▶ REQUIRED ACTION:
Your task is to quote the records from their first line through the line containing "Calvin Klein Black", with nothing added or left out.

▶ EXTRACTED INFORMATION:
=== Begin Enclosure ===
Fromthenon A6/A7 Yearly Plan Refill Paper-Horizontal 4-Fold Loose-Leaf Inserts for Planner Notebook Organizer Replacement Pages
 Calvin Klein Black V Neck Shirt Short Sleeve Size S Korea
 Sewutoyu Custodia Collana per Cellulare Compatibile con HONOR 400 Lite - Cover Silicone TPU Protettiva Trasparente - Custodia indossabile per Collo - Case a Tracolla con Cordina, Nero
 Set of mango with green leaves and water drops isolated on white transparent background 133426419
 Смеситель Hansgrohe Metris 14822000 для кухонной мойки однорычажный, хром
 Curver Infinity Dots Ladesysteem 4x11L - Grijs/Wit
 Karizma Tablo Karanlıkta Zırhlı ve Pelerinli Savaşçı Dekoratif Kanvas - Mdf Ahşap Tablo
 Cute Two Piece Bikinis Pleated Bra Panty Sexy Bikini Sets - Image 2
=== End Enclosure ===
▶ ANSWER SPACE:
Fromthenon A6/A7 Yearly Plan Refill Paper-Horizontal 4-Fold Loose-Leaf Inserts for Planner Notebook Organizer Replacement Pages
 Calvin Klein Black V Neck Shirt Short Sleeve Size S Korea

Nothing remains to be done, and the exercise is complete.